/dpcolor

Lightning Fast and Space Efficient $k$-clique Counting

Primary LanguageC++

The work has been extended to a journal paper "Efficient k-Clique Counting on Large Graphs: The Power of Color-Based Sampling Approaches". https://github.com/LightWant/tripath_tkde.

The source code of the work "Lightning Fast and Space Efficient k-clique Counting, www'22, https://doi.org/10.1145/3485447.3512167".

kclique counting

Build

makedir bin

make

make changeToD

make makeCSR

Data format

use com-DBLP as the example:

At first, we have text file

​ ./data/dblp/dblp.txt:

n,m

0 1

0 2

2 3

...

run: bin/makeCSR ./data/dblp/dblp.txt ./data/dblp/tmpedge.bin ./data/dblp/tmpidx.bin, and we get:

​ ./data/dblp/tmpedge.bin ./data/dblp/tmpidx.bin

run bin/changeToD -edge ./data/dblp/tmpedge.bin -idx ./data/dblp/tmpidx.bin -v 425957

-v is the node num.

and we get ./data/dblp/tmpedge.bindeg.bin ./data/dblp/tmpidx.bindeg.bin

rename ./data/dblp/tmpedge.bindeg.bin->./data/dblp/edge.bin

rename ./data/dblp/tmpidx.bindeg.bin->./data/dblp/idx.bin

add file s.txt under the ./data/dblp/:

425957 30 2-clique: 1049866.00 3-clique: 2224385.00 4-clique: 16713192.00

...

30-clique: 2952522344434315298898706432.00

The next is the s.txt for com-lj:

4036538 8 3-clique: 177820130.00 4-clique: 5216918441.00 5-clique: 246378629120.00 6-clique: 10990740312954.00 7-clique: 449022426169164.00 8-clique: 16890998195437619.00

At last, ./data/dblp/edge.bin, ./data/dblp/idx.bin and ./data/dblp/s.txt are what we need.

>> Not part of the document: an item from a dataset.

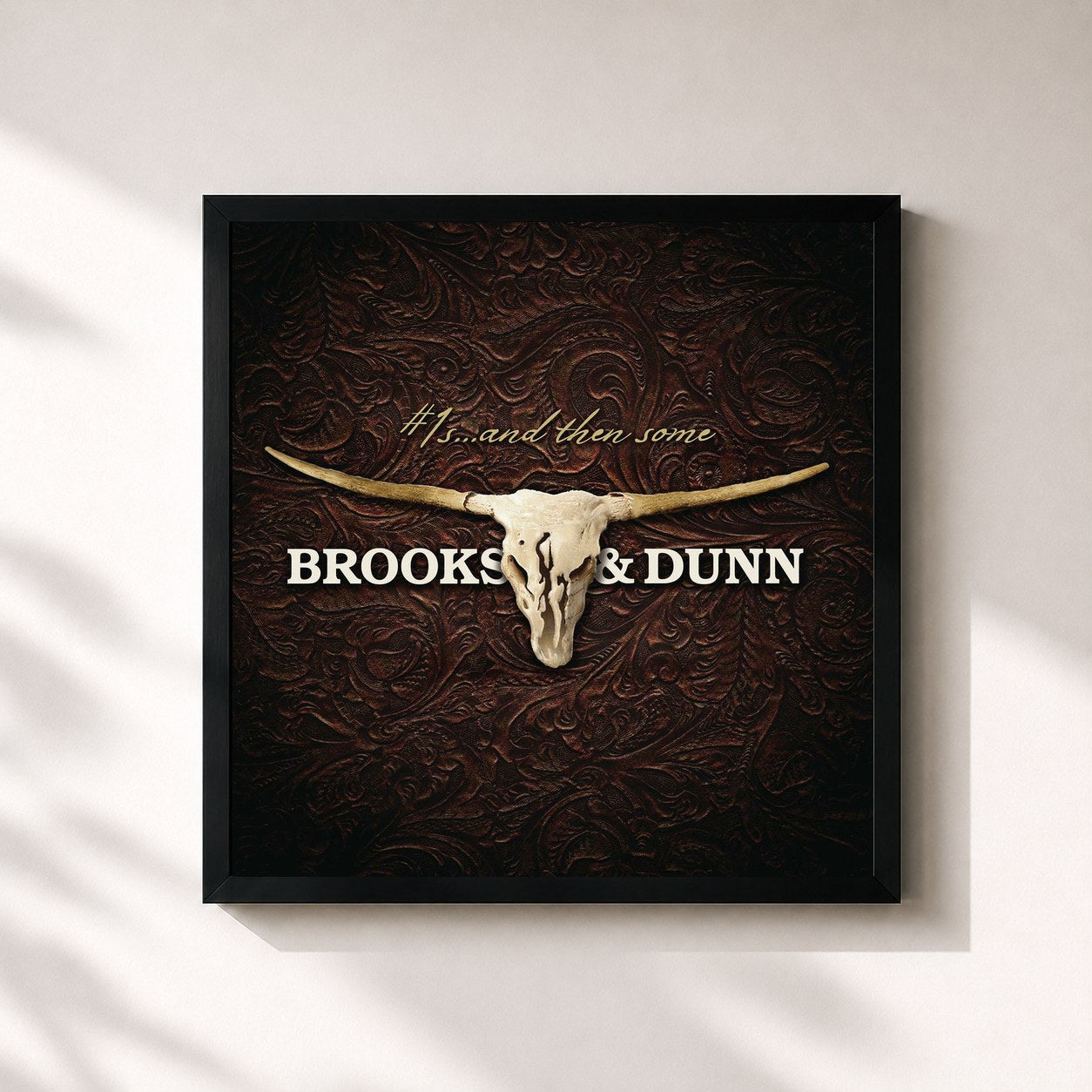 #noir Tableau carré de l'album #1s ... and then some de Brooks & Dunn, cadre noir 32x32 cm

If you don't have the exact count of the cliques, just write the node number:

./data/dblp/s.txt:

425957

run

dpcolorpath: bin/run -f data folder -k clique size -N number of samples -cccpath

bin/run -f data/dblp/ -k 8 -N 100000 -cccpath

output:|k| alpha| count of samples|time of exact part| size of exact part| the depth of search| count in exact part|not expected:the lack count | appDensity hittedcount real_sample_times the percentage of the cliques in the sparse part| approximate count | the percentage of the cliques in the dense part among the approximate count | sampling running time| total running time| error

example:|8| 1.0| 100000| 0.03| 1739| d13| 5008853.0|not expected 53 | 1.000000 100000 100000 99.99935555%| 777243510729| 0.00%| 0.07| 0.10| 0.00%

dpcolor:bin/run -f data folder -k clique size -N number of samples -cc

bin/run -f data/dblp/ -k 8 -N 100000 -cc

parallel dpcolorpath: bin/run -f data folder -k clique size -N number of samples -deb 3 -p threads

bin/run -f data/dblp/ -k 8 -N 100000 -deb 3 -p 10

parallel dpcolor:bin/run -f data folder -k clique size -N number of samples -cc -deb 3 -p threads

bin/run -f data/dblp/ -k 8 -N 100000 -deb 3 -cc -p 10

remark that the Randomness lacks in this version.